Portent, by the way, is the 1029/1024, 385/384 (and 441/440) temperament.

And without the obnoxious PDF locking...

/tuning-math/files/carl/

-C.

--- In tuning-math@yahoogroups.com, "genewardsmith" <genewardsmith@...> wrote:
>
> According to a paper which can be found here:
>
> http://tinyurl.com/2ec73xe
>
> if the norm is Euclidean and the dimension less than five we
> can take linear combinations of our candidate basis vectors
>
> s1*v1 + ... + sn*vn
>
> where the coefficients si are -1, 0, or 1, and if the linear
> combination is shorter than one of the basis vectors, we may
> replace the basis vector with the combination for a new basis.
> Iterating this proceedure until no more reductions are possible
> gives a Minkowski reduced basis.
>
> Sadly, it doesn't claim this will be true for, to pick an
> example wildly at random, Tenney height reduction. However it
> is so closely allied with the corresponding weighted Euclidean
> case it seems to me that if you reduce to the Euclidean Minkowski
> basis you are probably already in the TM basis, and in any case
> this proceedure really ought to work.
>
> This all started because I was looking at Minkowski reduced
> bases for rank three lattices, and found that the basis for
> Portent is [2, 8/7, 12/11] and also found it's a big fat pain
> to find these the way I did.
>
> Portent, by the way, is the 1029/1024, 385/384 (and 441/440)
> temperament.
>

On 20 June 2010 05:06, genewardsmith <genewardsmith@sbcglobal.net> wrote:
> According to a paper which can be found here:
>
> http://tinyurl.com/2ec73xe
>
> if the norm is Euclidean and the dimension less than five we can take linear combinations of our candidate basis vectors
>
> s1*v1 + ... + sn*vn
>
> where the coefficients si are -1, 0, or 1, and if the
> linear combination is shorter than one of the basis vectors,
> we may replace the basis vector with the combination for
> a new basis. Iterating this proceedure until no more
> reductions are possible gives a Minkowski reduced basis.

At the start, it says it works for positive definite quadratic forms,
which would include my parametric badness. Later on, the restriction
is a gauge function, which looks like a general norm.

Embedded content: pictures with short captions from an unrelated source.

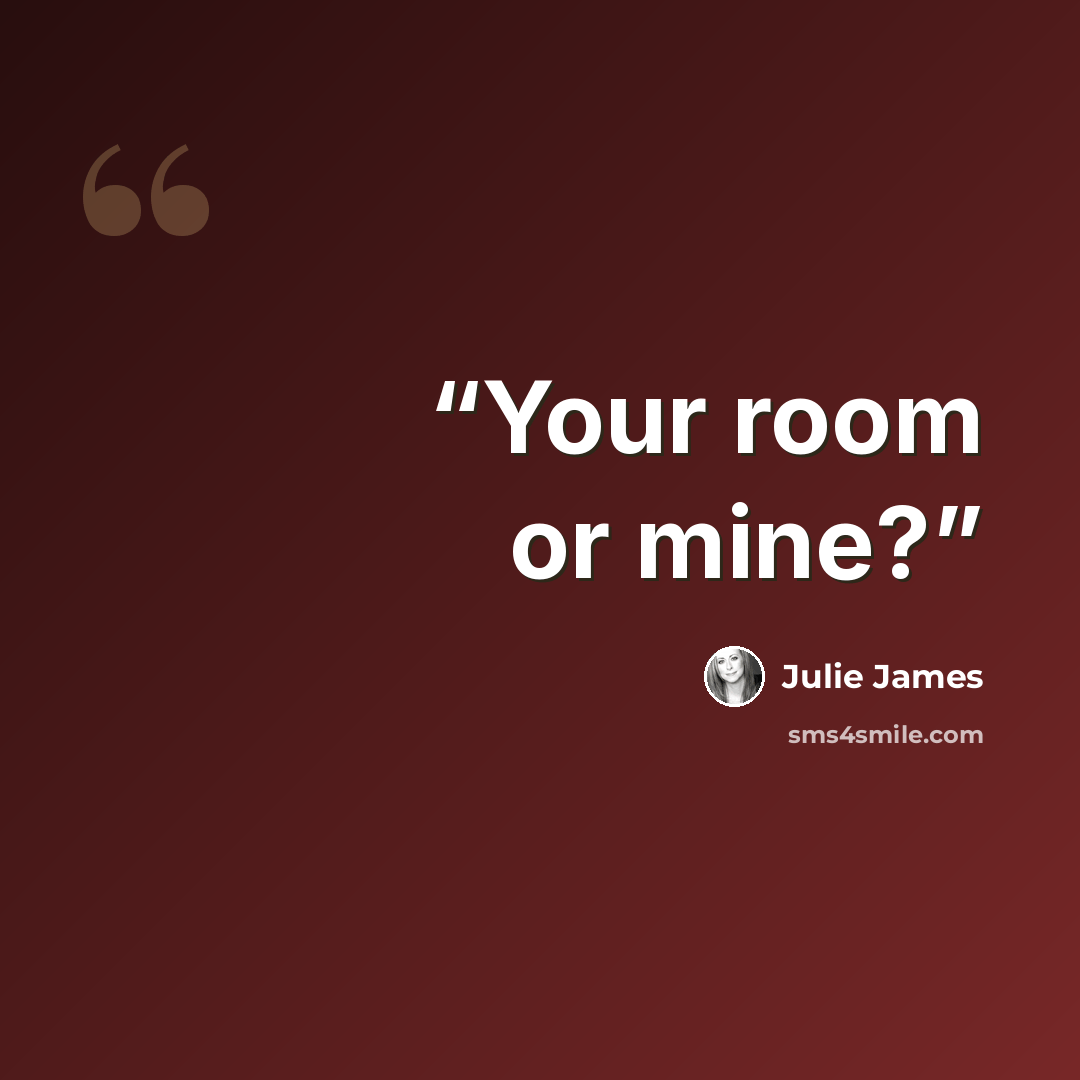 “Your room or mine?” quote by Julie James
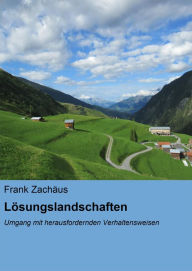 Title: Lösungslandschaften: Umgang mit herausfordernden Verhaltensweisen, Author: Frank Zachäus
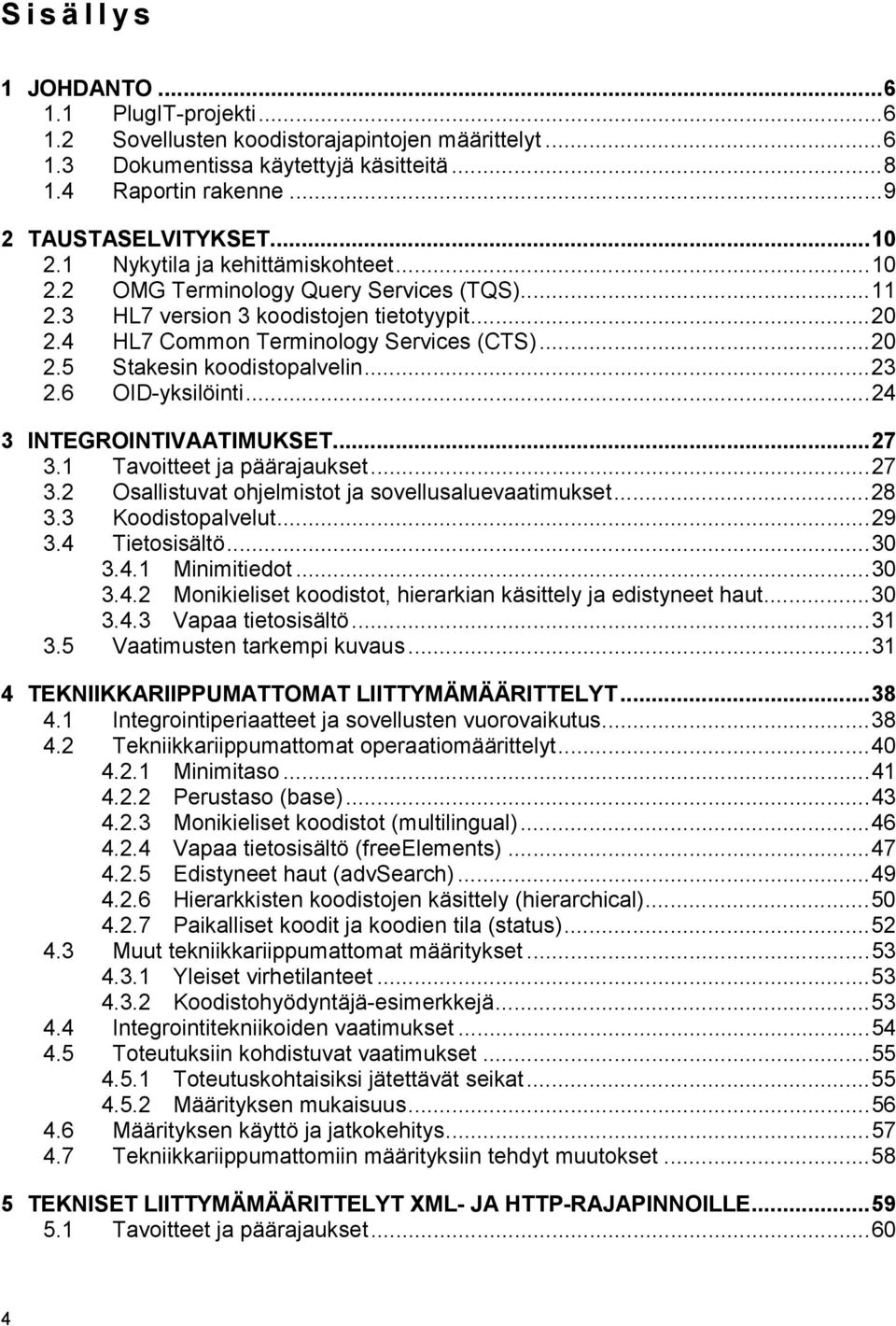 ..23 2.6 OID-yksilöinti...24 3 INTEGROINTIVAATIMUKSET...27 3.1 Tavoitteet ja päärajaukset...27 3.2 Osallistuvat ohjelmistot ja sovellusaluevaatimukset...28 3.3 Koodistopalvelut...29 3.4 Tietosisältö.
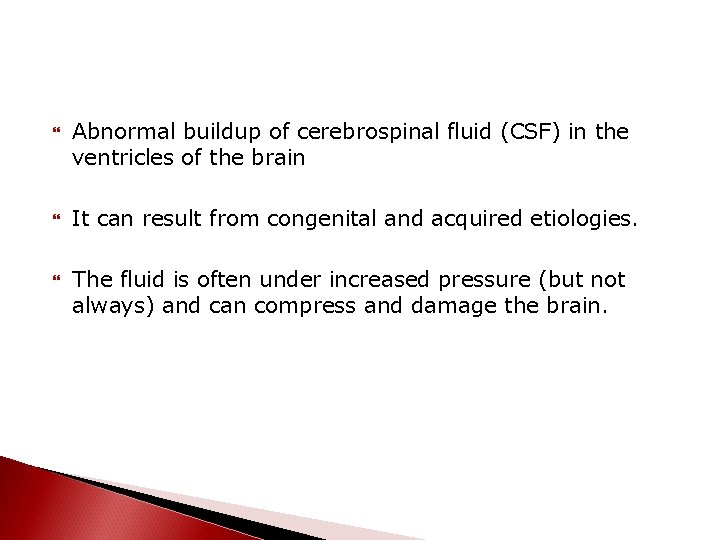  Abnormal buildup of cerebrospinal fluid (CSF) in the ventricles of the brain It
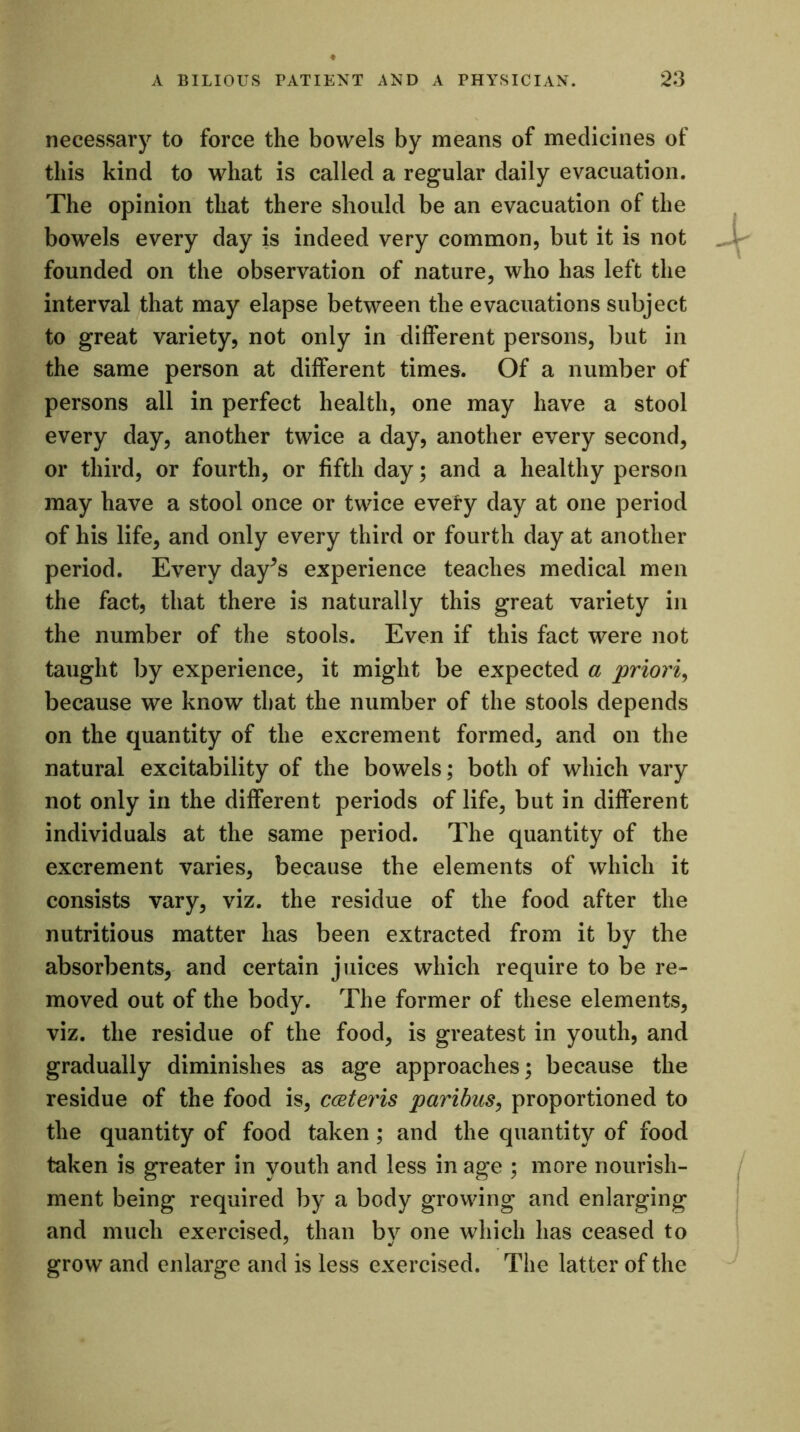 necessary to force the bowels by means of medicines of this kind to what is called a regular daily evacuation. The opinion that there should be an evacuation of the bowels every day is indeed very common, but it is not founded on the observation of nature, who has left the interval that may elapse between the evacuations subject to great variety, not only in different persons, but in the same person at different times. Of a number of persons all in perfect health, one may have a stool every day, another twice a day, another every second, or third, or fourth, or fifth day; and a healthy person may have a stool once or twice every day at one period of his life, and only every third or fourth day at another period. Every day^s experience teaches medical men the fact, that there is naturally this great variety in the number of the stools. Even if this fact were not taught by experience, it might be expected a priori, because we know that the number of the stools depends on the quantity of the excrement formed, and on the natural excitability of the bowels; both of which vary not only in the different periods of life, but in different individuals at the same period. The quantity of the excrement varies, because the elements of which it consists vary, viz. the residue of the food after the nutritious matter has been extracted from it by the absorbents, and certain juices which require to be re- moved out of the body. The former of these elements, viz. the residue of the food, is greatest in youth, and gradually diminishes as age approaches; because the residue of the food is, cateris paribus, proportioned to the quantity of food taken ; and the quantity of food taken is greater in youth and less in age ; more nourish- ment being required by a body growing and enlarging and much exercised, than by one which has ceased to grow and enlarge and is less exercised. The latter of the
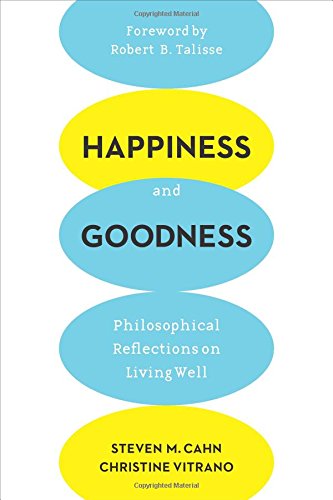 Happiness and Goodness: Philosophical Reflections on Living Well by Steven M. Cahn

This is certainly useful because it'll apply to my parametric badness.
The reduced basis in a badness space (what'll be a "notation" from
what I remember of Gene's terminology, or its dual) looks like a very
useful thing to be able to find. But I'm finding it difficult to find
for high limits.

All I have to do now is understand this paper . . .

> Sadly, it doesn't claim this will be true for, to pick an example
> wildly at random, Tenney height reduction. However it is
> so closely allied with the corresponding weighted Euclidean
> case it seems to me that if you reduce to the Euclidean
> Minkowski basis you are probably already in the TM basis,
> and in any case this proceedure really ought to work.

Is this the general method or the 4 dimensional case you gave above?
Tenney height looks like a gauge function.

Graham

--- In tuning-math@yahoogroups.com, Graham Breed <gbreed@...> wrote:

> Is this the general method or the 4 dimensional case you gave above?
> Tenney height looks like a gauge function.

Tenney height is a gauge function. However, the restriction to -1, 0, or +1 coefficents is only claimed to be proven for Euclidean gauge functions.